Label1 DataA1 DataB1 DataC1
Label2 DataA2 DataB2 DataC2
Label3 DataA3 DataB3 DataC3
Currently, I have
join fileA fileB | join - fileC
However, I have too many files to make it practical to list all of them - is there a way to write a loop for this sort of command?
Upvotes: 5
Views: 3347
Reputation: 75498
With bash you could create a script that does a recursive pipe exec for join:
#!/bin/bash
if [[ $# -ge 2 ]]; then
function __r {
if [[ $# -gt 1 ]]; then
exec join - "$1" | __r "${@:2}"
else
exec join - "$1"
fi
}
__r "${@:2}" < "$1"
fi
And pass the files as parameters to the script like:
bash script.sh file*
Or a sorted form like:
find -type f -maxdepth 1 -name 'file*' -print0 | sort -z | xargs -0 bash script.sh
Upvotes: 4
Reputation: 75498
With awk you could do it like this:
awk 'NF > 0 { a[$1] = a[$1] " " $2 } END { for (i in a) { print i a[i]; } }' file*
If you want to sort your files:
find -type f -maxdepth 1 -name 'file*' -print0 | sort -z | xargs -0 awk 'NF > 0 { a[$1] = a[$1] " " $2 } END { for (i in a) { print i a[i]; } }'
Sometimes for (i in a) populates the keys not in the order that they were added so you could also sort it but this is only available in gawk. The idea of mapping keys in an indexed array for the order is only possible if column 1 doesn't have differences.

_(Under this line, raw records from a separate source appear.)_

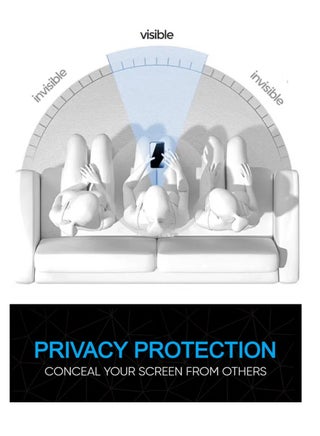 Tempered Dustproof Privacy Glass Screen Protector Compatible For iPhone 15 Pro Max - view 2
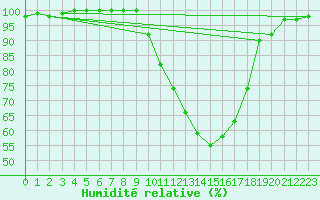 Courbe de l'humidit relative pour Muret (31)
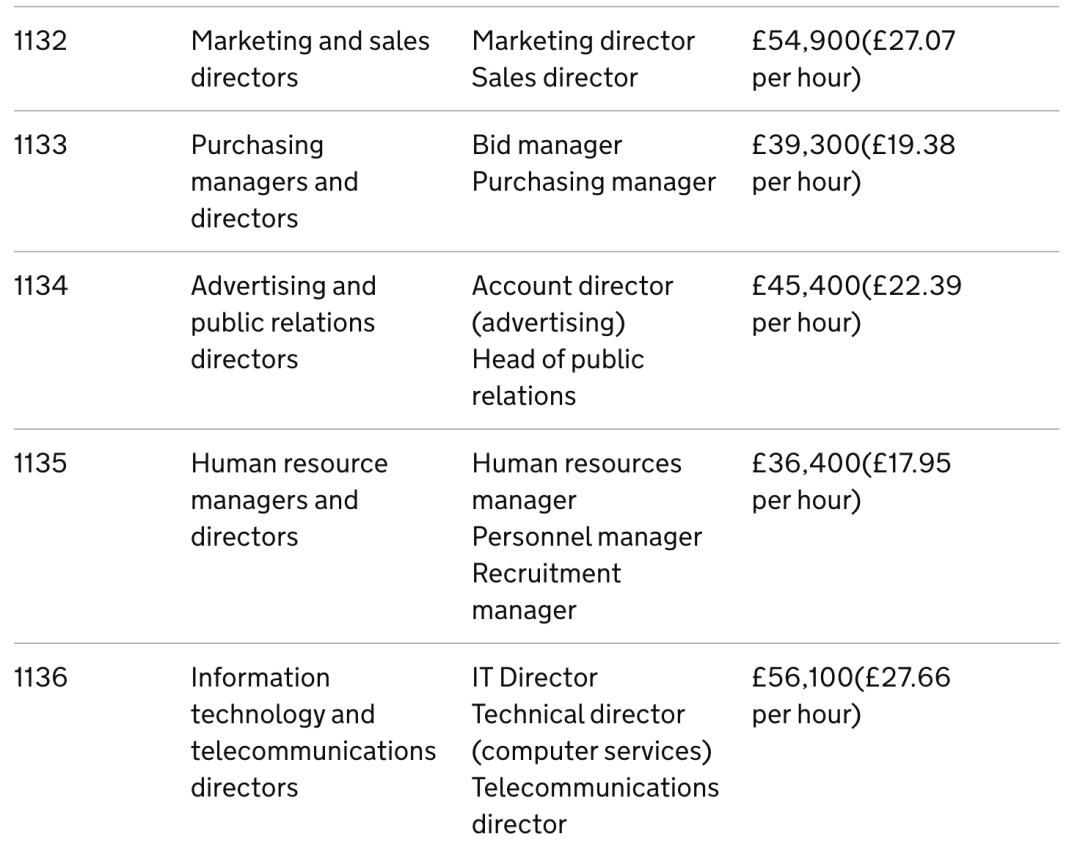 【重磅】英国正式发布Scale up工签：年薪高达£33000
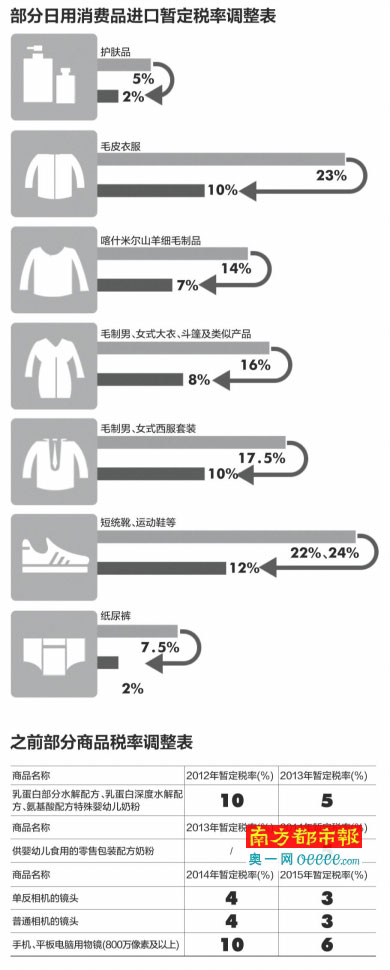 下月起日用品進口關(guān)稅下調(diào) 平均降幅超50%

gawk 'NF > 0 { a[$1] = a[$1] " " $2 } END { count = asorti(a, b); for (i = 1; i <= count; ++i) { j = b[i]; print j a[j]; } }' ...
Upvotes: 2
Reputation: 33327
This script joins multiple files together (The files are file*
).
#!/bin/bash
# Create two temp files
tmp=$(mktemp)
tmp2=$(mktemp)
# for all the files
for file in file*
do
# if the tmp file is not empty
if [ -s "$tmp" ]
then
# then join the tmp file with the current file
join "$tmp" "$file" > "$tmp2"
else
# the first time $tmp is empty, so we just copy the file
cp "$file" "$tmp2"
fi
cp "$tmp2" "$tmp"
done
cat "$tmp"
I admit that it is ugly, but it seems to work.
Upvotes: 0